Information provided:
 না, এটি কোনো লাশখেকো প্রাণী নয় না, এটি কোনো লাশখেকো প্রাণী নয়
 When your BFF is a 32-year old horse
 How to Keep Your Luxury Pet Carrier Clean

==

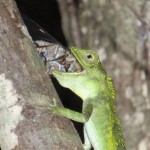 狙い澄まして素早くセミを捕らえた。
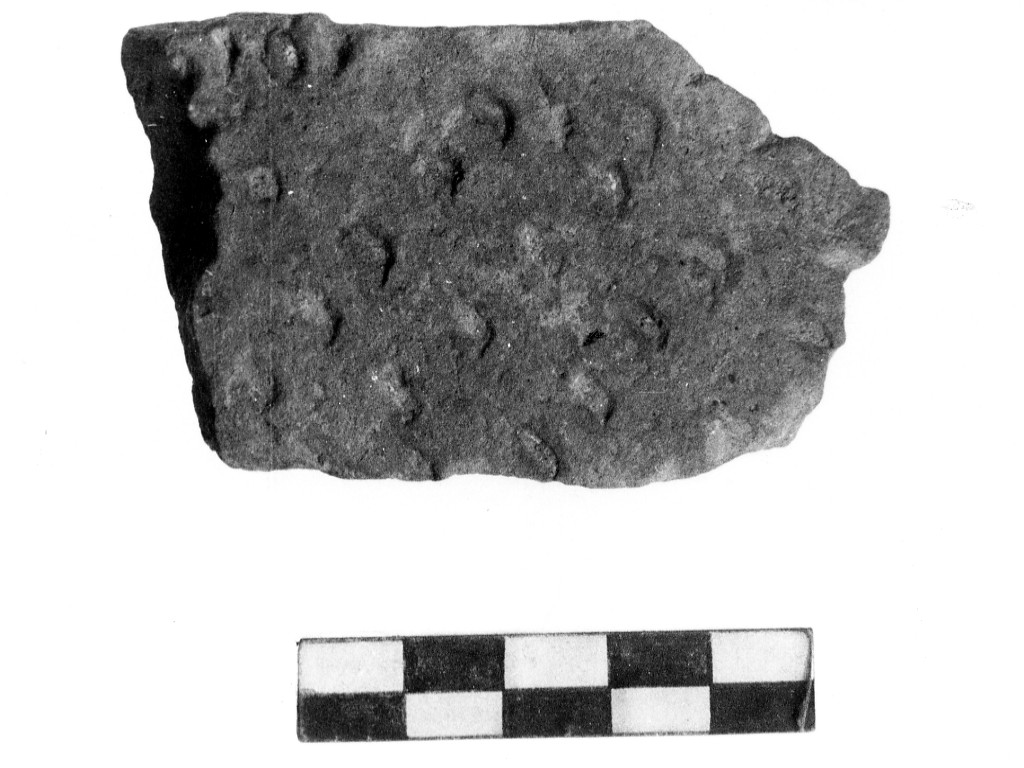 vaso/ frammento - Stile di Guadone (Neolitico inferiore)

...

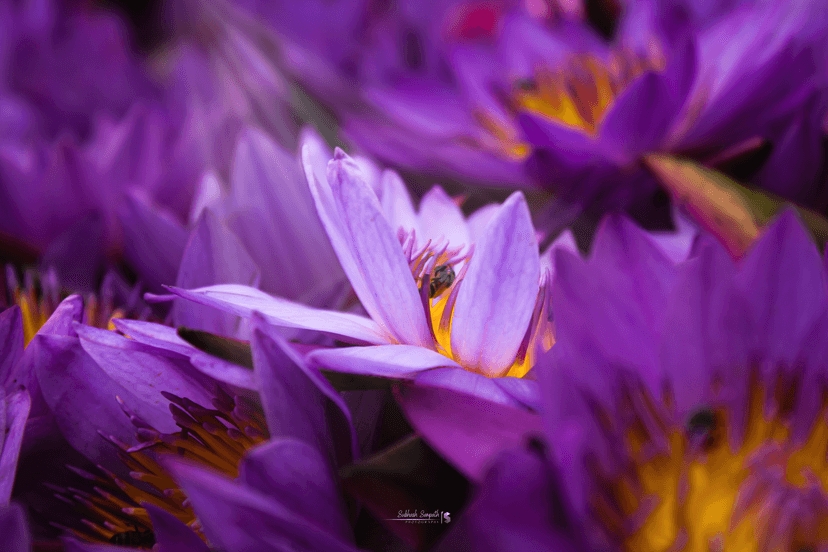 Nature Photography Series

What you should do: Using the entries above, output exactly the lines between the line holding "না, এটি কোনো লাশখেকো প্রাণী নয় না, এটি" and the line holding "How to Keep Your Luxury Pet Carrier Clean", end lines included, and nothing more.

Written response:
 না, এটি কোনো লাশখেকো প্রাণী নয় না, এটি কোনো লাশখেকো প্রাণী নয়
 When your BFF is a 32-year old horse
 How to Keep Your Luxury Pet Carrier Clean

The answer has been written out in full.